A relatively large literature exists concerning the effects of HIV infection on the natural history of classic STDs and their response to therapy. Most of this literature has limited value because they lack HIV-negative control groups, and few controlled studies were identified. Genital herpes recurrences are more common in men who are HIV-positive than in those who are HIV-negative (0.34 versus 0.23 recurrences per month or a ratio of 1.5). 114 Together with the increased asymptomatic shedding, this results in a markedly increased period of infectiousness. Prevalence of acyclovir-resistant HSV is higher in patients with HIV than in others. 115
A case–control study found that patients with HIV presented more often with secondary syphilis, and that chancres were more common. 116 This finding suggests a prolonged duration of infectiousness, but no prospective studies have confirmed this observation. There has been some debate on the effect of HIV on the serologic tests for syphilis. Nontreponemal tests such as the rapid plasma reagent test and the VDRL test seem to give more false positives in persons who are HIV-positive, whereas treponemal tests may serorevert in patients with HIV infection. 117–119 These altered laboratory tests probably have led to overestimation of treatment failures. A recent randomized controlled trial found few, and not a significantly different number of clinical treatment failures, in patients who were HIV-positive and those who were HIV-negative. 120
It has been reported that HIV infection causes decreased responsiveness to standard antibiotic treatment of chancroid. 121–124 More recent studies have found no effect of HIV serostatus on the number of treatment failures. 125–127 However, patients with HIV presented with ulcers of longer duration, and the time to healing was longer even after controlling for ulcer size. 125 One reason for the reported treatment failures may be increased prevalence of HSV-infected ulcers. 127
Studies examining the effect of HIV on the consequences of NUDs have focused on pelvic inflammatory disease. Although pelvic inflammatory disease seems to be more severe in women with HIV infection, treatment is successful. 128–135 When infected with chlamydia, patients who are HIV-positive have a higher risk for development of pelvic inflammatory disease than those who are HIV negative. 131 The bacterial etiologies of nonendometrial pelvic inflammatory disease (i.e., salpingitis) are similar between women with and those without HIV infection, 133 whereas HIV seems to increase the prevalence of endometritis with an atypical bacterial origin, possibly related to bacterial vaginosis. 134,135
Randomized controlled experimental studies have the strongest epidemiologic study design for establishing a causal relationship and for assessing intervention strategies. A causal effect of STDs on HIV transmission was found in a community intervention trial in Mwanza, Tanzania, 136 and this improved management of STDs was highly cost effective. 137 However, the next community randomized trial conducted in Rakai, Uganda, found no effect on HIV incidence. 138 The discrepancy between these two trials has been explained by differences in the stage of the HIV epidemic: greater effects of continuously improved treatment than of pulsed mass treatment, stronger impact of symptomatic than asymptomatic bacterial STDs, and differences in the prevalence of untreatable viral STDs. 139 A better and more quantitative understanding of the interactions between HIV infection and classic STDs is needed. Although the best indication of an STD effect on HIV transmission was provided by a randomized design, observational studies must be used to quantify the different interactions outlined in this systematic review.

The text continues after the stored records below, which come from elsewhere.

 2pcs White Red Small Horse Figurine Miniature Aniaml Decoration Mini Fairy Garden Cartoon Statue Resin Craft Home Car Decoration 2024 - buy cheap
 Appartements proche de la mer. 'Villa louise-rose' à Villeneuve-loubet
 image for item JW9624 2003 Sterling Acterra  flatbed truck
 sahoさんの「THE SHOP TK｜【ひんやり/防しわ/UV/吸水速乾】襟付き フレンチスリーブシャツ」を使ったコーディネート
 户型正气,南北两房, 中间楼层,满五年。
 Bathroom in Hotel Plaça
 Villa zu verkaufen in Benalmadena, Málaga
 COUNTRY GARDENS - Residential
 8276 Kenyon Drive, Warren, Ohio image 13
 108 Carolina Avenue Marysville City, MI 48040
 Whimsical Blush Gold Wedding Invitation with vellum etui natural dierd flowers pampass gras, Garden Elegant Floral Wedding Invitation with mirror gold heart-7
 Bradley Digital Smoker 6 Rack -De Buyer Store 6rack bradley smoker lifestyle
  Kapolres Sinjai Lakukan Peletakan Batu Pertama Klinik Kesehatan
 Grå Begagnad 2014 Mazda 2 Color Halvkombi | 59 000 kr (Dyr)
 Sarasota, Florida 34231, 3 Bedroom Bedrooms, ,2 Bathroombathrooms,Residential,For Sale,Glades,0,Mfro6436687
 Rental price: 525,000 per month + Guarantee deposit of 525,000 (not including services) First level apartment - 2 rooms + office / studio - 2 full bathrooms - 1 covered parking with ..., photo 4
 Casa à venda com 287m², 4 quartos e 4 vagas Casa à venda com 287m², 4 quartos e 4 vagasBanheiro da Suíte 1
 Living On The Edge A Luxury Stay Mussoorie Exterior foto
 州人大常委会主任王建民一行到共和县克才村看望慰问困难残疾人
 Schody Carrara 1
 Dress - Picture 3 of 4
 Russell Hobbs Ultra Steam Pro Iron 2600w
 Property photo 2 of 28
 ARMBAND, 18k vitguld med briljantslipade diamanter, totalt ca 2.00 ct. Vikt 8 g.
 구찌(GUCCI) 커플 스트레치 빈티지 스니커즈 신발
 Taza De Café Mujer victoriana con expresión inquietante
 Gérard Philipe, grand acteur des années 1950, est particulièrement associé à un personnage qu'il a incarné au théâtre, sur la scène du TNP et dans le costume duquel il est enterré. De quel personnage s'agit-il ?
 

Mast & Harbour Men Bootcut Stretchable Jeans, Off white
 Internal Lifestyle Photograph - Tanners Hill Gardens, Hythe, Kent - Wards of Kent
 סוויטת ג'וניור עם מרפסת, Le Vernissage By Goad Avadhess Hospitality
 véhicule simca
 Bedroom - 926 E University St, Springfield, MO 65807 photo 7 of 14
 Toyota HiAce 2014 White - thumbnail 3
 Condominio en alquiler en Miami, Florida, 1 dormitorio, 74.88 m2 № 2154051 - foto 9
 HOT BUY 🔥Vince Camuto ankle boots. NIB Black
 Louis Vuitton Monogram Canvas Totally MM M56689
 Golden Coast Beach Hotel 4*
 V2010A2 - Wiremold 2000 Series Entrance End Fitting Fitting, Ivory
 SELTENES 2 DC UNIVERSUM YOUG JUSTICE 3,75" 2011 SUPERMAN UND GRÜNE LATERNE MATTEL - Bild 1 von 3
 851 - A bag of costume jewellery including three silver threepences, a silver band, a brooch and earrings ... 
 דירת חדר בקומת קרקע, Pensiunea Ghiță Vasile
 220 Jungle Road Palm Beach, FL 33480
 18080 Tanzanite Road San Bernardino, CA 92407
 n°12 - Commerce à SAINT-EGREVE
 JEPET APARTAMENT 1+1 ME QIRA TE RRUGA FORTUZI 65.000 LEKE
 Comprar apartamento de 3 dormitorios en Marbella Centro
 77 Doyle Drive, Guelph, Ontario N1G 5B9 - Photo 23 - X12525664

Several problems are intrinsic to any systematic review and meta-analysis of observational studies in this field. In our review we identified three levels of bias. First, in each individual study, the fact that the route of transmission is common to the disease and the exposure of interest makes the quantification of association difficult. Sexual behavior is the common risk factor for contracting both HIV and STDs. Even after controlling for variables measuring number of partners, risk behavior, use of contraceptives, and the like, residual confounding probably will continue to exist because reliable and complete measures are lacking. Although the confidence intervals of our combined estimates are narrow, the underlying differences in study designs and adjustments to control for confounding and bias probably make them unreliable. They therefore represent a spurious precision. 13
Recently, systematic reviews on the impact of two other important potential confounders, female hormonal contraceptives and male circumcision, have been conducted. Two systematic reviews have examined the effects of hormonal contraceptives on HIV transmission. 140,141 Stephenson 140 concluded that the quality of the studies was too poor and the findings too inconsistent for a statistical meta-analysis, whereas Wang et al 141 performed a meta-analysis of more or less the same studies and found a significantly increased risk for HIV infection with use of oral contraceptives.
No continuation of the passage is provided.